After Pace: Building a More Resilient Die Casting Supply Chain with MES Inc.
With Pace Industries’ permanent closures reshaping North American die casting capacity, manufacturers are reassessing more than just suppliers — they’re rethinking the model itself.
The Pace Industries Closure and What It Signals
Pace Industries has announced the permanent closure of its plants in Harrison, Arkansas; Muskegon, Michigan; and Jackson, Tennessee — withdrawing a substantial volume of aluminum die casting capacity from the North American market. For Pace’s direct customers, the urgency is immediate: tooling has to move, programs have to be requalified, and continuity of supply has to be secured before the closure clock runs out.

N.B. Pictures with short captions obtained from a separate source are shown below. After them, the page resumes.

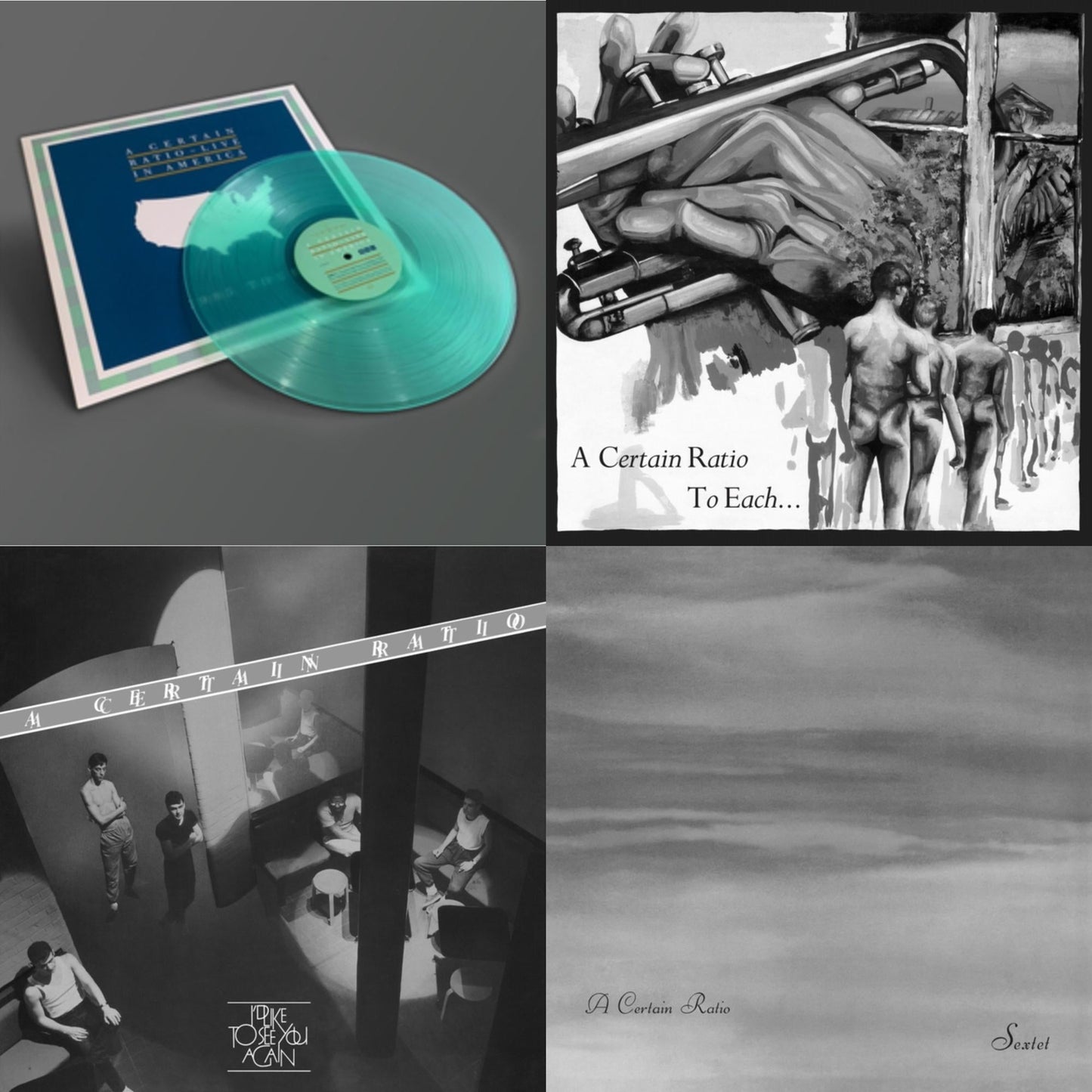 Live In America & To Each... (Limited Edition White LP Vinyl) & I'd Like To See You Again (Limited Edition White LP Vinyl) & Sextet (Limited Edition White LP Vinyl)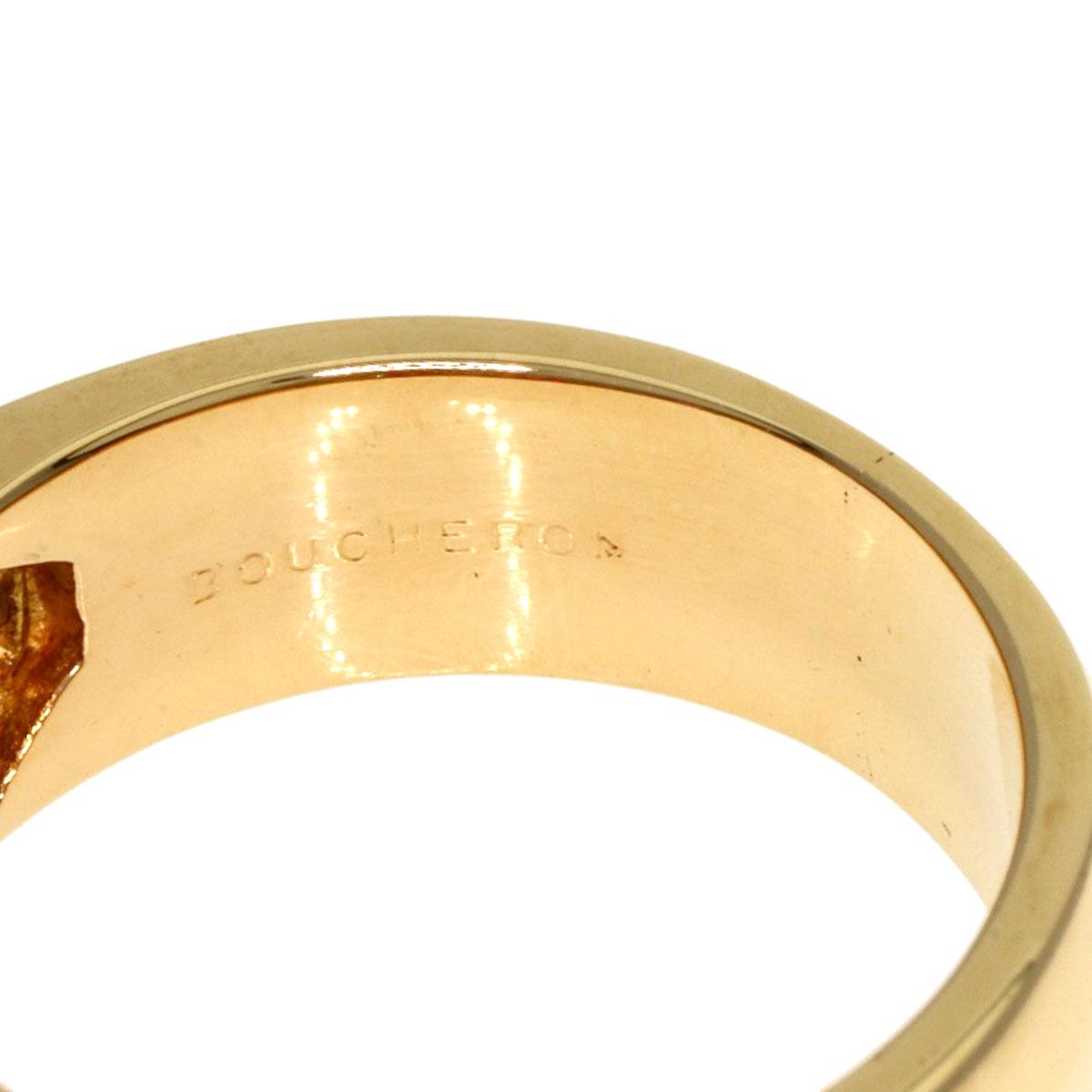 Boucheron ブシュロン ルビー ダイヤモンド リング・指輪 K18YG 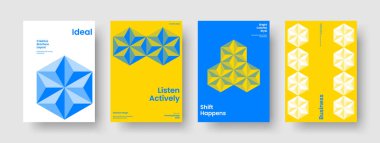 Modern Flyer Design. İzole edilmiş arka plan düzeni. Geometrik İş Sunum Şablonu. Broşür. Rapor verin. Kitap kapağı. Poster. Pankart. Marka Kimliği. Haber bülteni. Reklamcılık. Portföy. Günlük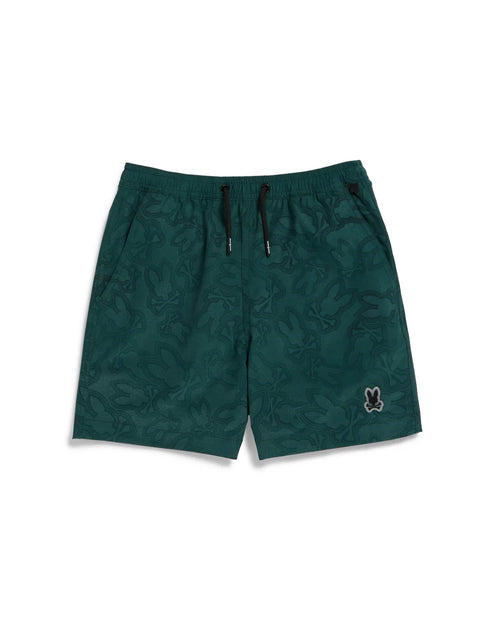 psycho bunny pantaloneta de baño niño hidrocrómico verde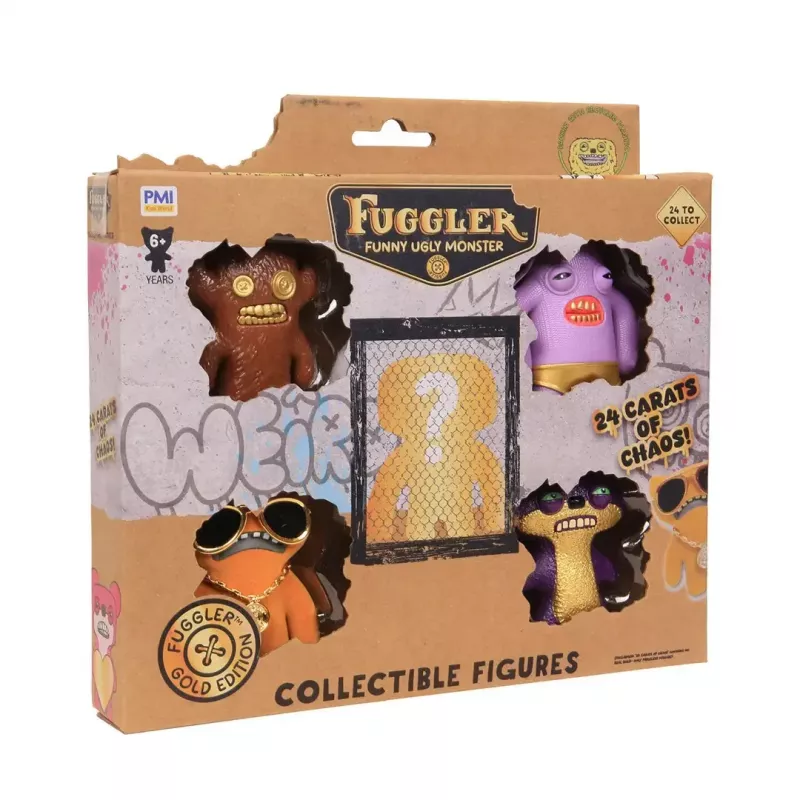Action figūras p.m.i kids world FUGGLER S3 Gold Edition 5‑pack luksusa kastīte (sortiments)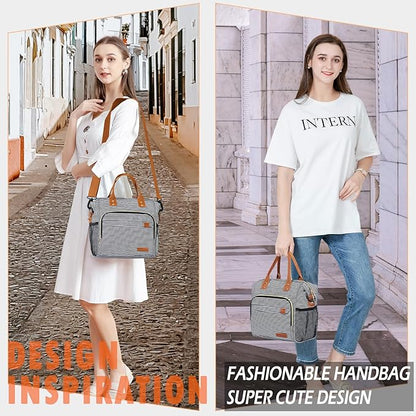 TuErCao Lunch Bag Women Insulated Lunch Box for Work Leakproof Soft Cooler for Picnic Travel Road Trips, Loncheras para Mujer Adult, Stripes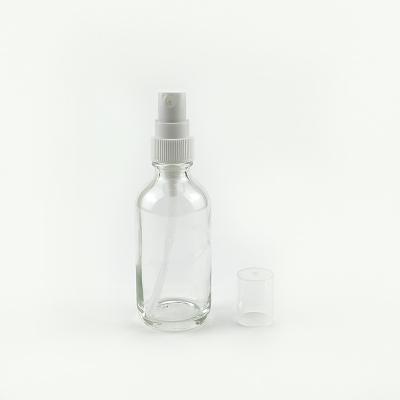 China 30ml Cosmetic Wholesale Clear Glass Spray Pump Perfume Bottle For Sale for sale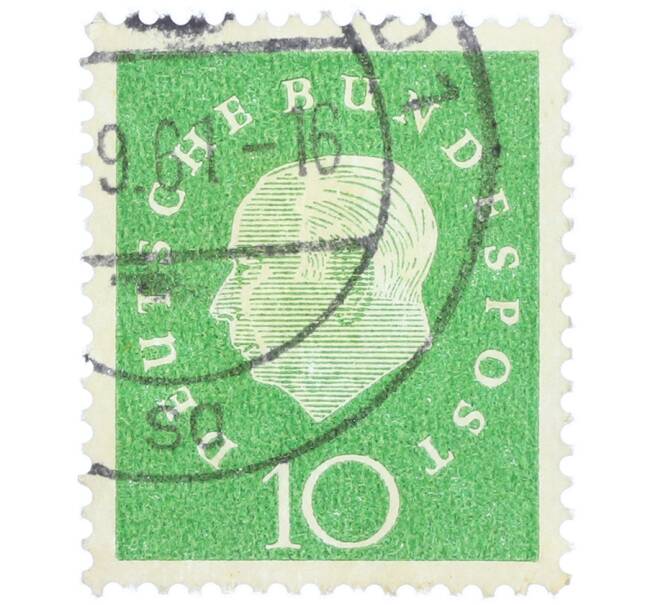Почтовая марка 10 пфеннигов 1959 года Западная Германия (ФРГ) «Теодор Хойс» (Артикул: T11-37063) — Фото №1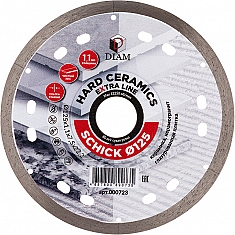 Алмазный отрезной круг Diam Extra Line 1A1R Корона Hard Ceramics Schick 125 мм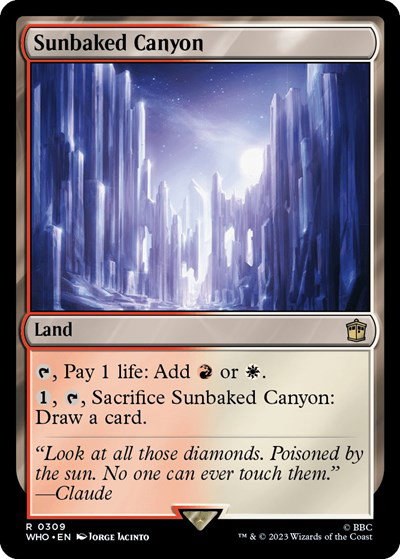 Sunbaked Canyon - Foil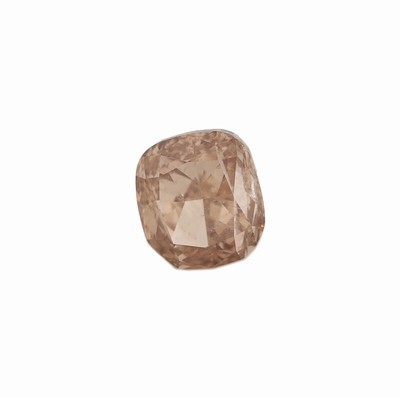 Image Loser Diamant im Kissenschliff 1.02 ct naturalfancy yellowish brown, 5.46 x 4.92 x 3.78 ...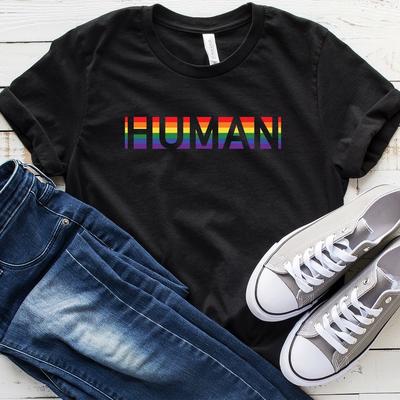 Human Rainbow Unisex Shirt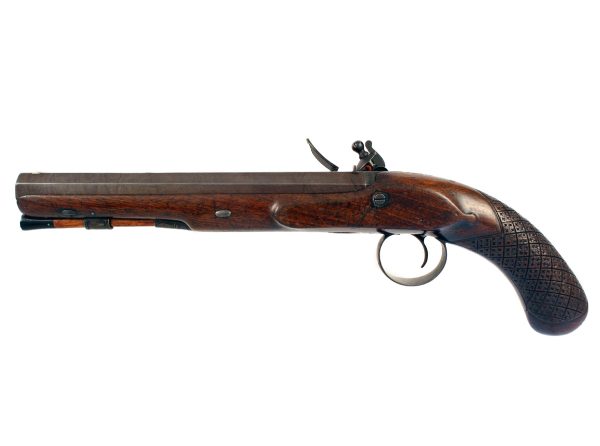 A Flintlock Officers Pistol by Clark of London - Image 3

But the implications extend well beyond Pace’s customer list. North American die casting capacity has been quietly contracting for years, pressured by energy costs, labor availability, and capital investment requirements. Pace was one of the largest aluminum die casters on the continent. Its exit removes a meaningful share of regional capacity at a moment when surviving suppliers are already running at high utilization.
For procurement leaders, two risks compound: capacity risk as demand redistributes across fewer suppliers, and continuity risk as tooling transfers, requalification, and PPAP cycles consume engineering bandwidth that most organizations are not staffed to absorb on short notice.
The takeaway is not that domestic die casting is finished — it isn’t. The takeaway is that supply chain architecture now matters more than any single supplier relationship. The manufacturers who weather closures like this with the least disruption are the ones whose programs were designed for resilience from the start: globally diversified, redundantly sourced, actively managed, and supported by a partner who owns outcomes rather than just delivers parts.
That is the model MES Inc. has been building for years. Here is what it looks like in practice.
What MES Brings to the Table
A Global Sourcing Network Built for Resilience
MES is not a single-plant manufacturer. We are a supply chain management partner with active sourcing operations across China, Mexico, India, Vietnam, and Europe — each region selected for specific cost, lead time, capability, and geopolitical risk characteristics. We currently manage more than 1,500 die cast components across this network, and our broader supplier base extends to hundreds of qualified facilities across our full manufacturing portfolio.
This footprint exists for one reason: when a region experiences disruption — political, logistical, or operational — we can shift volume without disrupting your production schedule. Dual-source redundancy is engineered into every program from day one, not bolted on after the first crisis.
For North American manufacturers in particular, our USMCA-compliant nearshoring in Mexico, paired with US warehouse inventory in Ohio, gives customers the speed and trade compliance of regional supply with the cost structure and capacity of global sourcing.
Full Die Casting Capability — and Beyond
Die casting is core to what we do, but it is one capability within a broader manufacturing portfolio that includes forgings, extrusions, CNC machining, and investment castings — all managed under the same program framework, by the same teams, against the same standards.
Within die casting specifically, MES delivers:
- High-pressure and low-pressure die casting in aluminum, zinc, magnesium, and brass
- Press range from 50 to 4,400 tons, covering precision components through large structural castings
- Tolerances to ±0.005″
- Integrated CNC machining, leak testing, X-ray, and ultrasonic inspection
- Moldflow analysis conducted before tooling is cut, so dimensional and fill issues are resolved in design — not discovered on your production floor
For customers consolidating multi-process programs, this matters: a forging, a die casting, and a machined component can be sourced, qualified, and delivered through a single accountable partner instead of three.